[[ Dataset content, beginning ]]

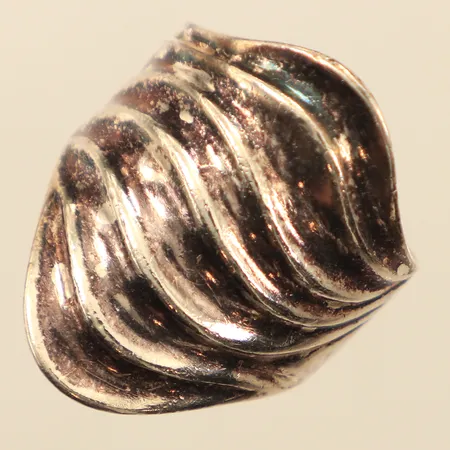Ring, stl 18½, bredd 8,5-28,5mm, skev, 925/1000 silver  Vikt: 9 g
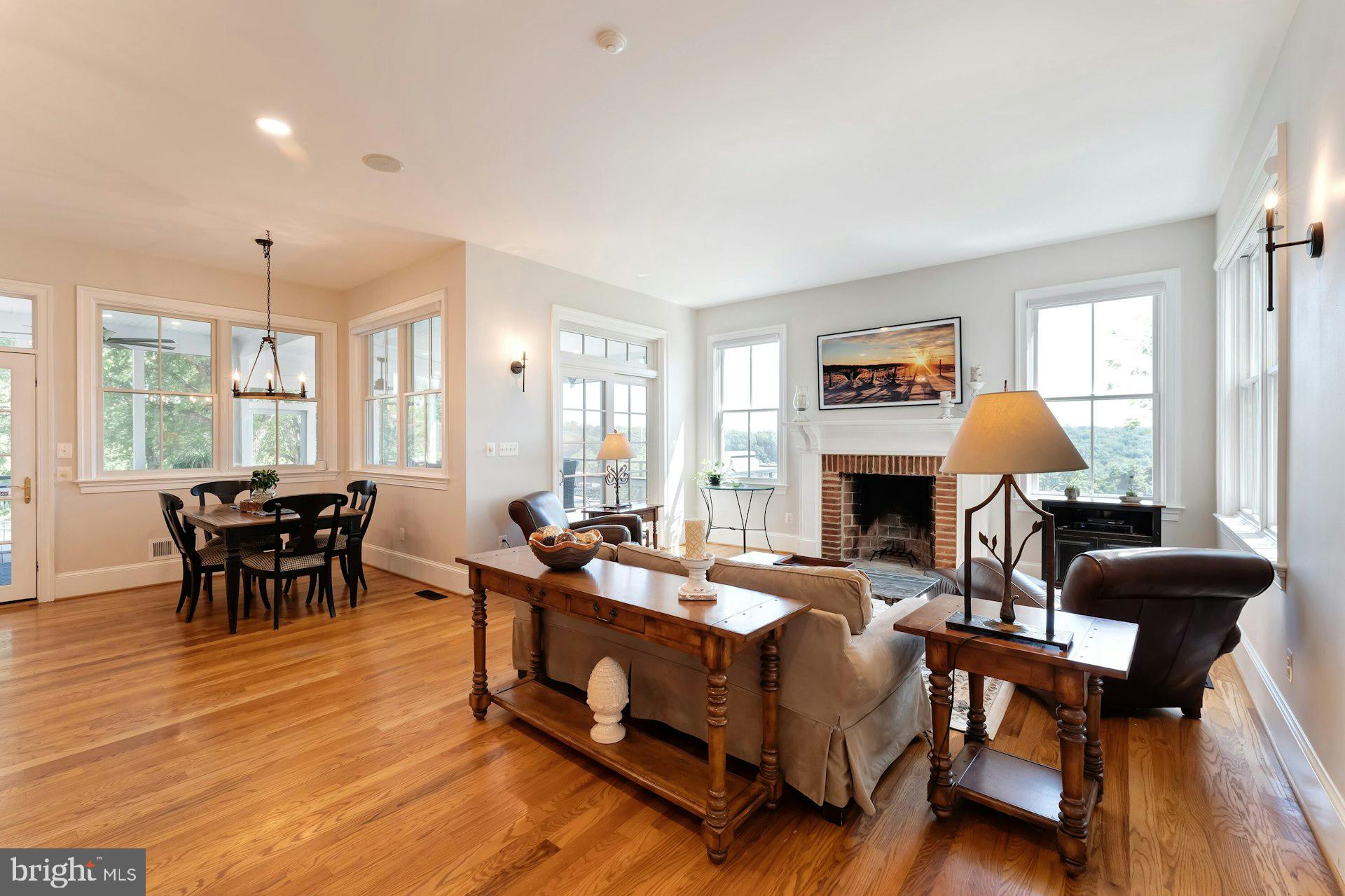 BEACON HILL - Residential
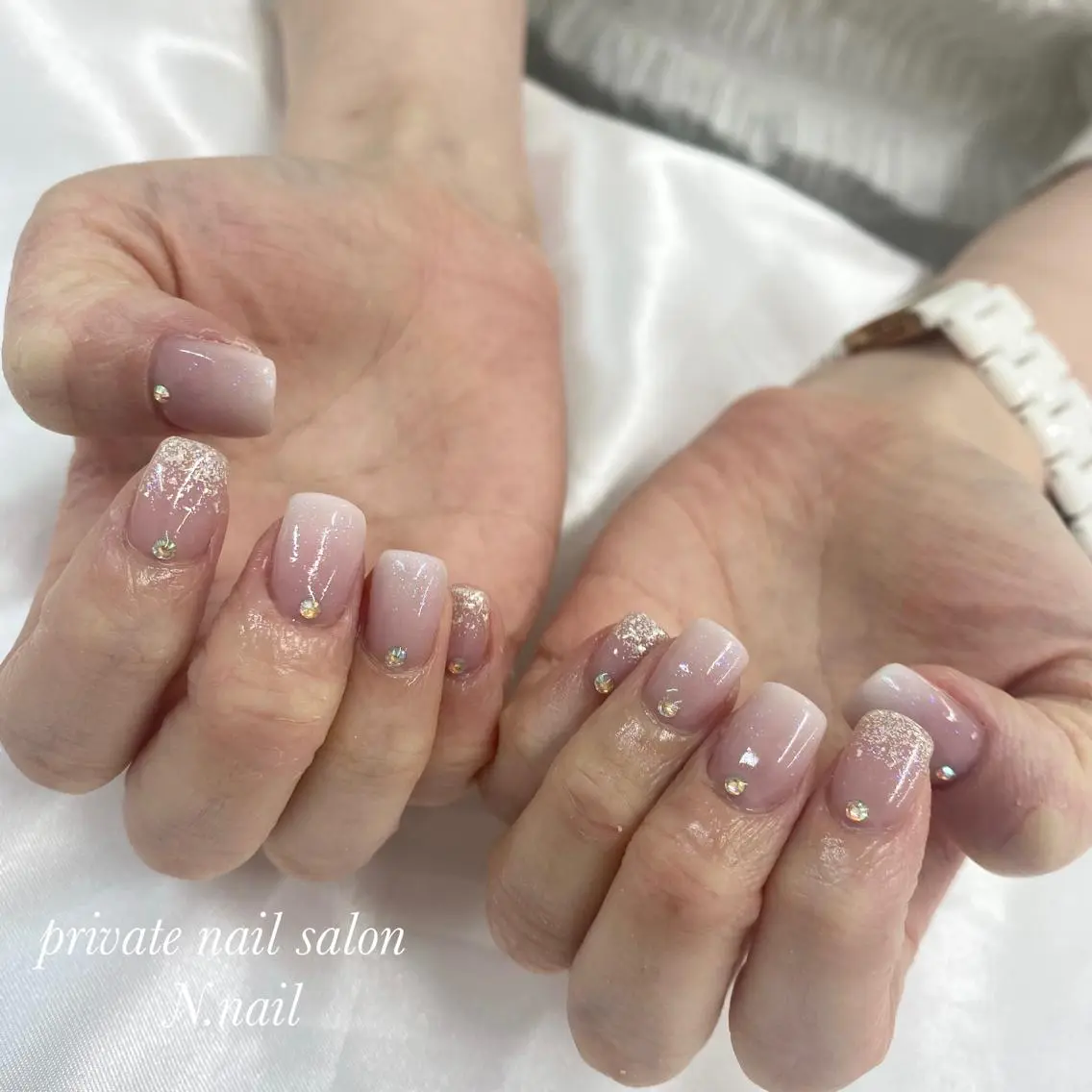 ネイル アートネイル フレンチネイル ジェルネイル ガラスフレンチ キラキラネイル N. 【エヌドット】のネイルデザイン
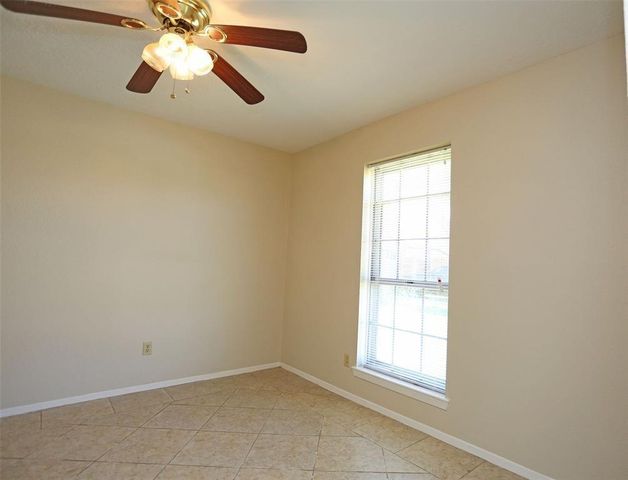 17510 Heritage Creek Court, Webster, TX 77598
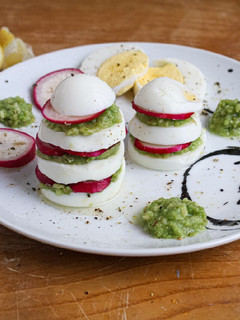 Foto di Torrette di uova, avocado e ravanello al limone e pepe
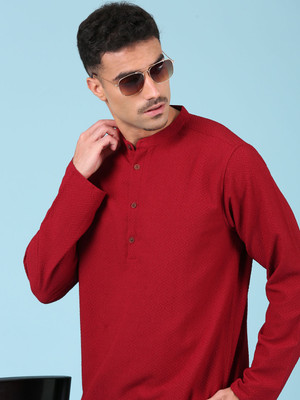 Voroxy Men Solid Straight Kurta(Red)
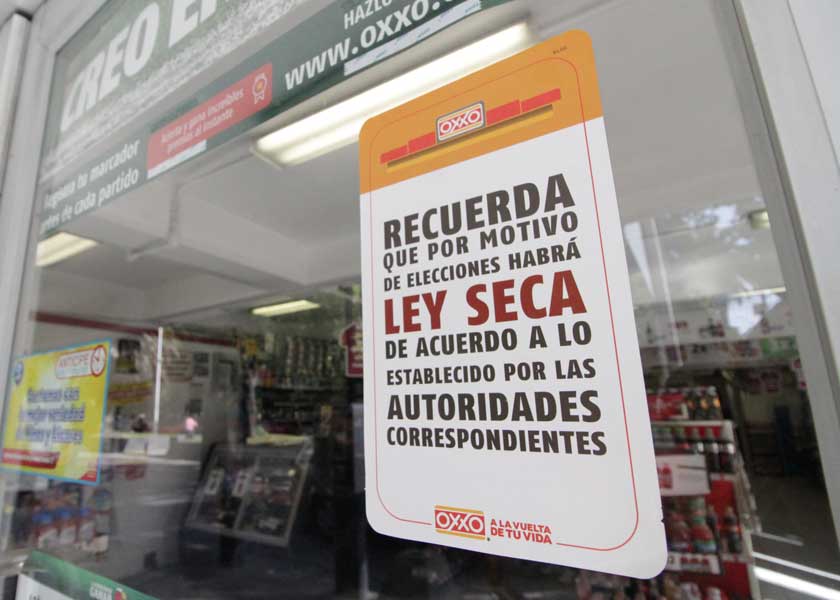 Comuna clausura cinco negocios por violar Ley Seca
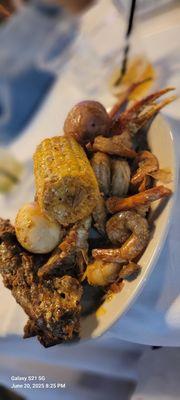You see the small crab hidden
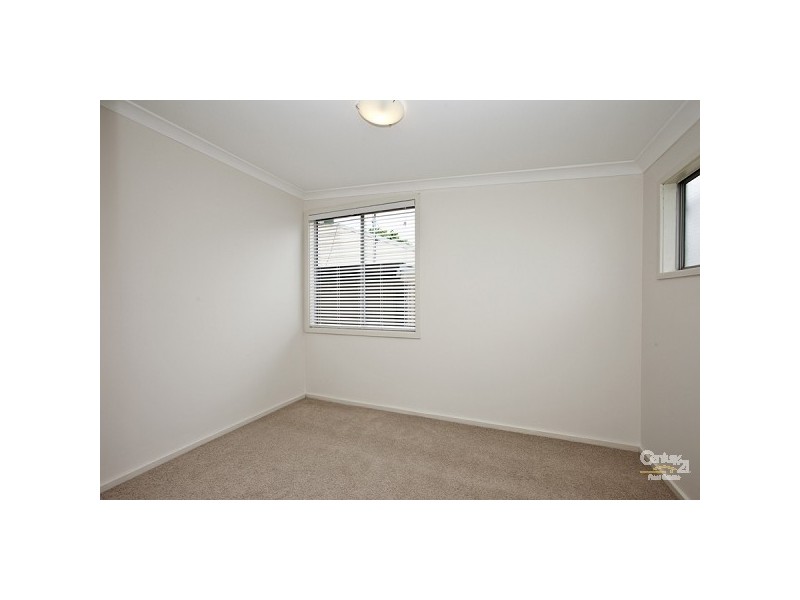 24 Derna Road, Shortland NSW 2307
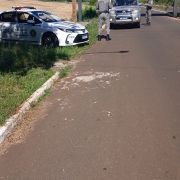 Policiais realizando abordagem aos veiculos em entrada da cidade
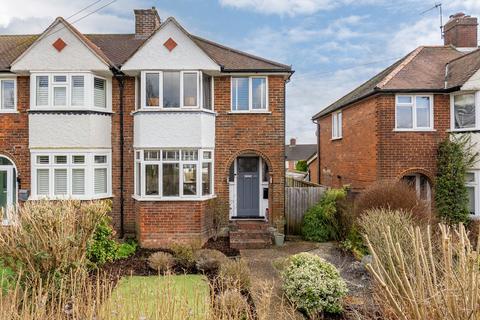 60 Chalkpit Lane, Dorking, RH4 1EY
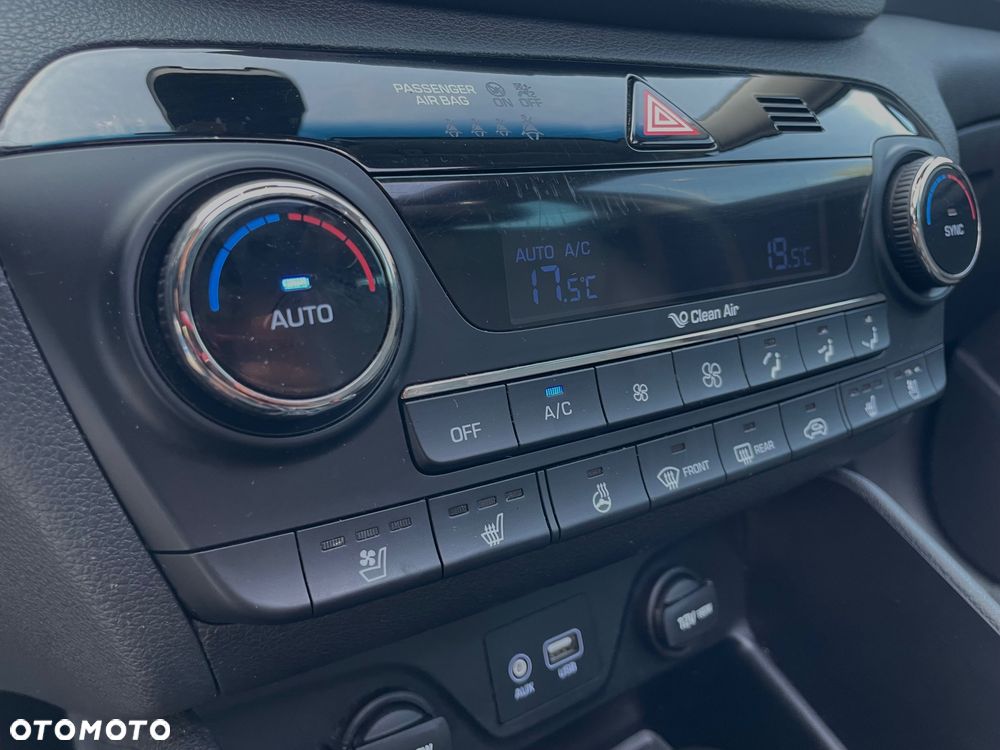 Hyundai Tucson blue 2.0 CRDi 4WD Premium - 10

[[ Dataset content, end ]]

#### Task details:
Copy the full listing above exactly, apart from the pictures.

#### Answer to the exercise:
Ring, stl 18½, bredd 8,5-28,5mm, skev, 925/1000 silver  Vikt: 9 g
 BEACON HILL - Residential
 ネイル アートネイル フレンチネイル ジェルネイル ガラスフレンチ キラキラネイル N. 【エヌドット】のネイルデザイン
 17510 Heritage Creek Court, Webster, TX 77598
 Foto di Torrette di uova, avocado e ravanello al limone e pepe
 Voroxy Men Solid Straight Kurta(Red)
 Comuna clausura cinco negocios por violar Ley Seca
You see the small crab hidden
 24 Derna Road, Shortland NSW 2307
 Policiais realizando abordagem aos veiculos em entrada da cidade
 60 Chalkpit Lane, Dorking, RH4 1EY
 Hyundai Tucson blue 2.0 CRDi 4WD Premium - 10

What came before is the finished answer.